As a throng of supporters assembled at Agawam Park, Manny Vilar of East Hampton, a one-time town supervisor candidate and founding president of the Police Benevolent Association of New York State, stood with Assemblyman Joe DeStafano of Medford, a retired Suffolk County Sheriff’s office employee, and Kevin Duchemin, a retired East Hampton Village Police officer. He greeted Dixon Palmer, vice president of the Police Conference of the State of New York and retired PBA president from the Riverhead Town Police Department.

“We’re here to support law enforcement throughout the East End,” Mr. Vilar said. Noting that while the five East End towns all boast individual police departments, he said, “We’re one giant family.”

Ken Oliver of Southampton organized the event. DANA SHAW

Ken Oliver of Southampton, the event’s organizer, opened proceedings with brief remarks, thanking store owners that supported the event, offering a “big, big shout out to a great veteran, Bob Grisnik,” the owner of Southrifty Drugs, who donated flags. “Awesome guy,” Mr. Oliver said, adding, “God bless us today.”

“We don’t need a good day to turn into a bad day,” he cautioned, asking marchers to be respectful and warning against “agitators.”

“This is a peaceful walk,” he emphasized. “This is not a counterprotest. This is to show much needed support for the military, National Guard, and the police department. … God bless America, God bless you all, God bless this country, and I hope we can all unite soon and get back on track.”

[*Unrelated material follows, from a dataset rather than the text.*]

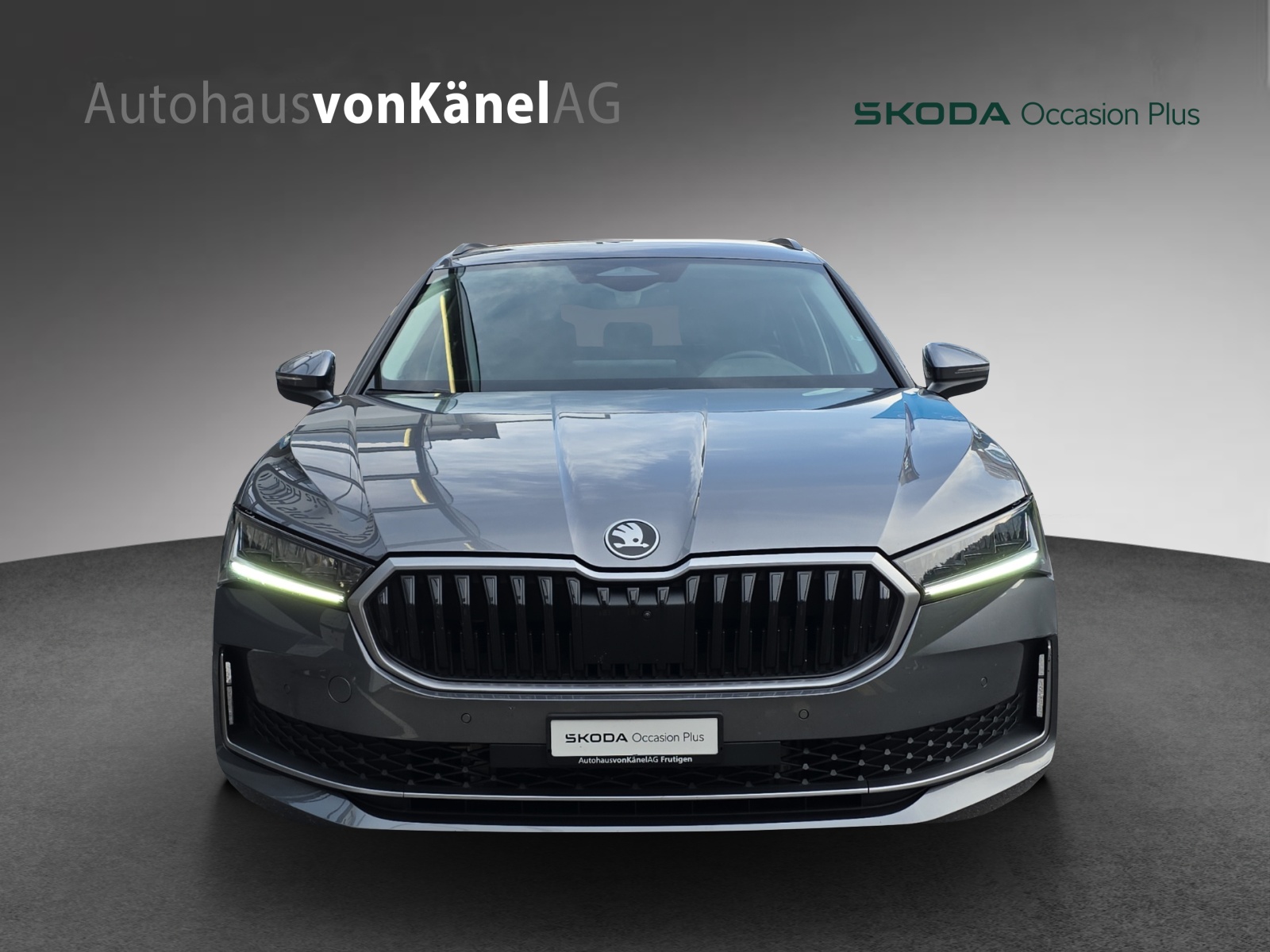 SKODA Superb Combi 2.0 TDi Selection 4x4 DSG-image-3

Pastor Richard King of the Cutchogue Presbyterian Church offered blessings “on this community and all communities with open minds and loving hearts that we can live in harmony with one another … to make our communities all they can be.”

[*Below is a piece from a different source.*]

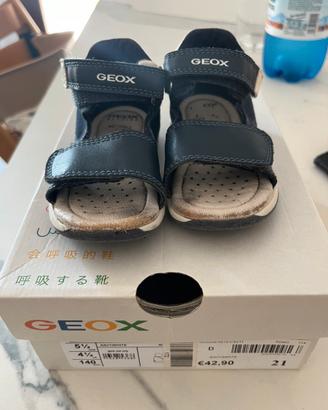 Sandali Geox n.21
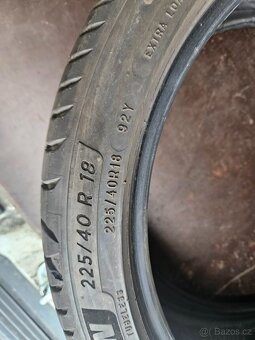 225/40R18 92Y XL Primacy 4  MICHELIN - 13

As bikers and marchers made ready to set off, Debbie Guerin watched from a park bench, a cane at hand. A member of the American Legion Auxiliary in Sag Harbor, she said, “I want to support the police. I want to back the blue and I support the military.” Clad in a pink hat and red mask, both inscribed with “Trump 2020,” Ms. Guerin was one of a handful of marchers demonstrating outward support for President Donald Trump’s reelection. Several marchers wore T-shirts supporting Mr. Trump, including one that said “Suffolk County PBA for Trump.”

Announcing plans for the rally last month, Mr. Oliver insisted it was not designed to make a political statement, but some signs announcing the rally were also marked with “Trump 2020.”

Most of the garb on display heralded support for law enforcement. One, decorated with a blue line read: “To some, this is just a picture of a line. To others it is a family crest.” Flags with black and blue stripes were carried by marchers, as were traditional American flags.

“BtB” was spray painted on the asphalt near the intersection of Pond Lane and Jagger Lane.

Attendees walked from Agawam Park through the business district before returning to the park.